## ABOUT THIS TASK
For this exercise, copy exactly every line from the one holding "Jens Rentzsch" through the end of the data, both included. Omit pictures.

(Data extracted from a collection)
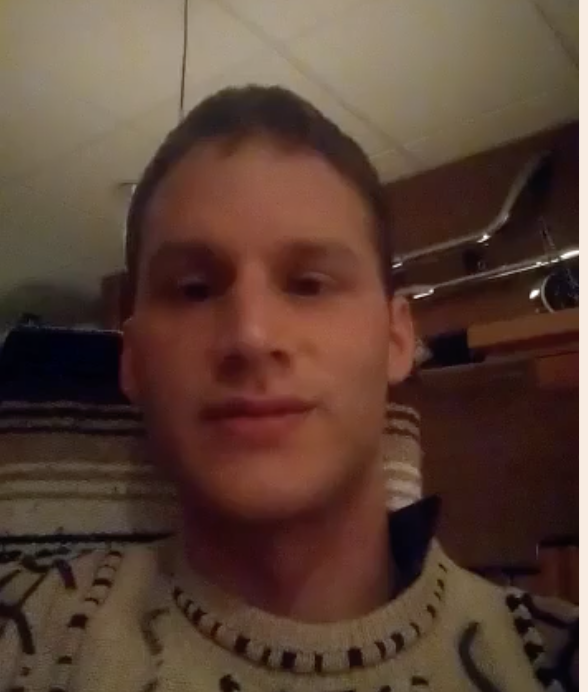 Screenshot 2024-10-08 at 10.43.37.png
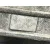 Caja Cambios para Mercedes-Benz Clase C (W205)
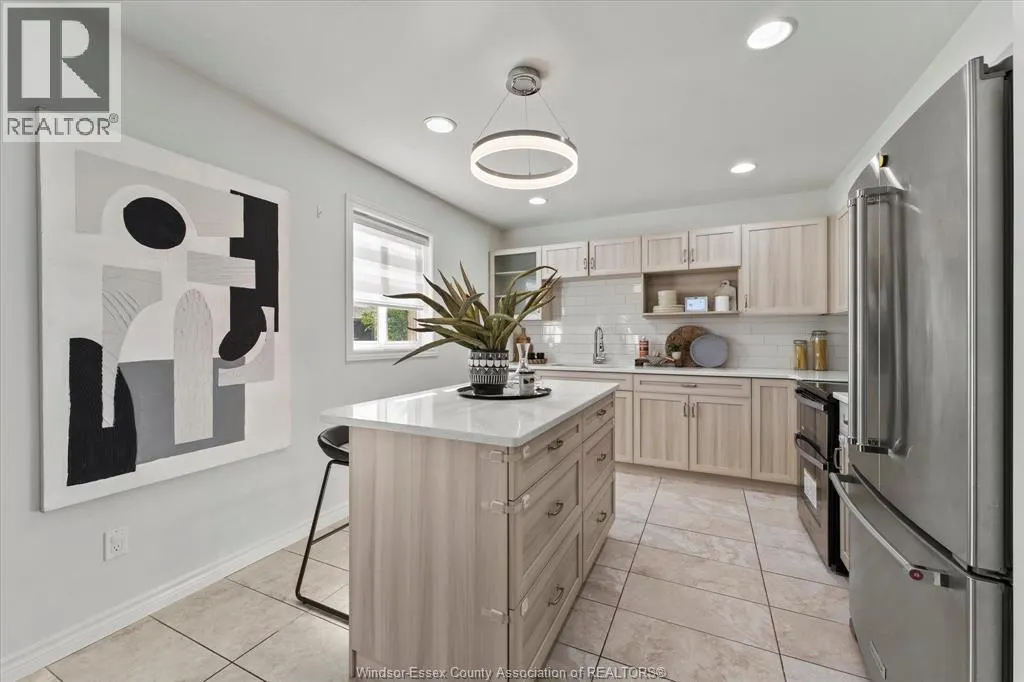 10363 BEVERLY GLEN STREET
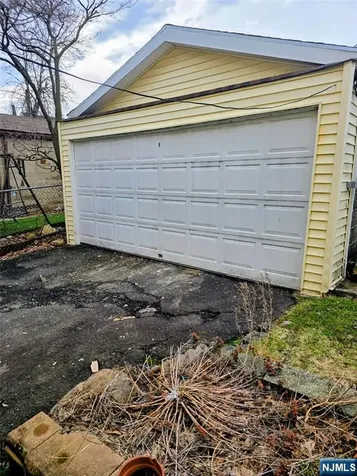 245 Beech Kearny NJ 07032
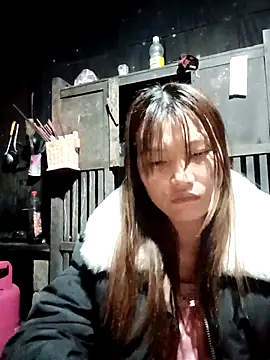 natra0033 online show from May 2026 11:30:02 PM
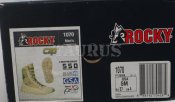 Rocky 1070 Box 03.jpg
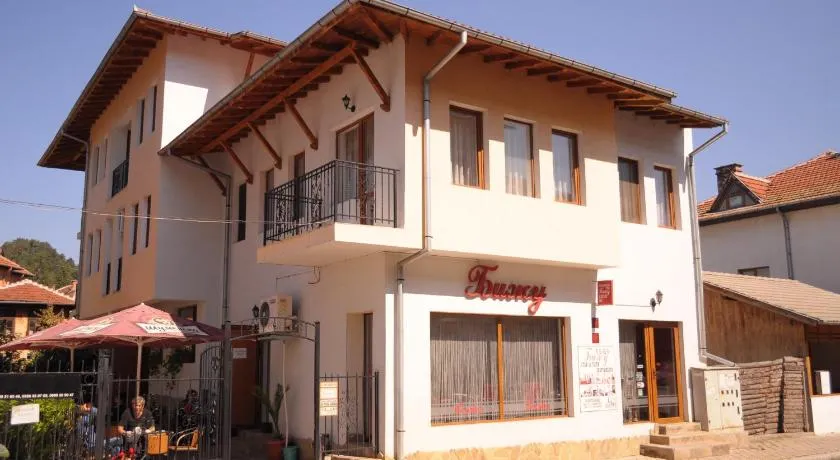 Guest Rooms Biju - Image 1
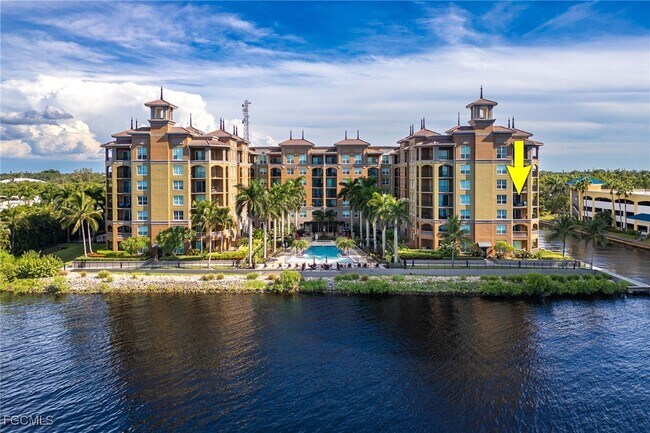 Primary Photo - 2825 Palm Beach Blvd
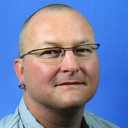 Jens Rentzsch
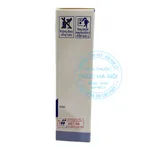 Thuốc Nitromint 10g
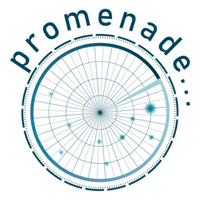 Promenade Project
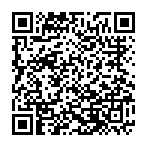 Dhan Dhan Mata Gujri Ji (Daadi Ji 2) Song - QR Code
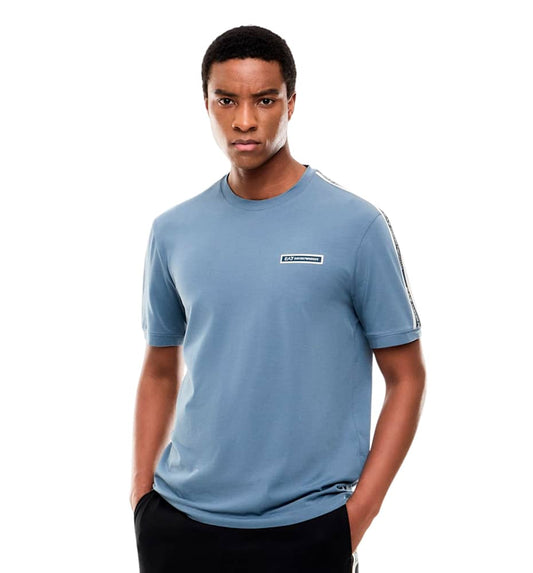 Camiseta Casual Armani Ea7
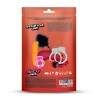 Set de 7 Piezas Spice Up Your Love
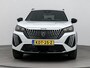 Peugeot 2008 1.2 Hybrid 145 Allure | Dodehoek detectie | Camera | Navigatie | Adaptieve cruise control |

## REPLY TO THE TASK
 Jens Rentzsch
 Thuốc Nitromint 10g
 Promenade Project
 Dhan Dhan Mata Gujri Ji (Daadi Ji 2) Song - QR Code
 Camiseta Casual Armani Ea7
 Set de 7 Piezas Spice Up Your Love
 Peugeot 2008 1.2 Hybrid 145 Allure | Dodehoek detectie | Camera | Navigatie | Adaptieve cruise control |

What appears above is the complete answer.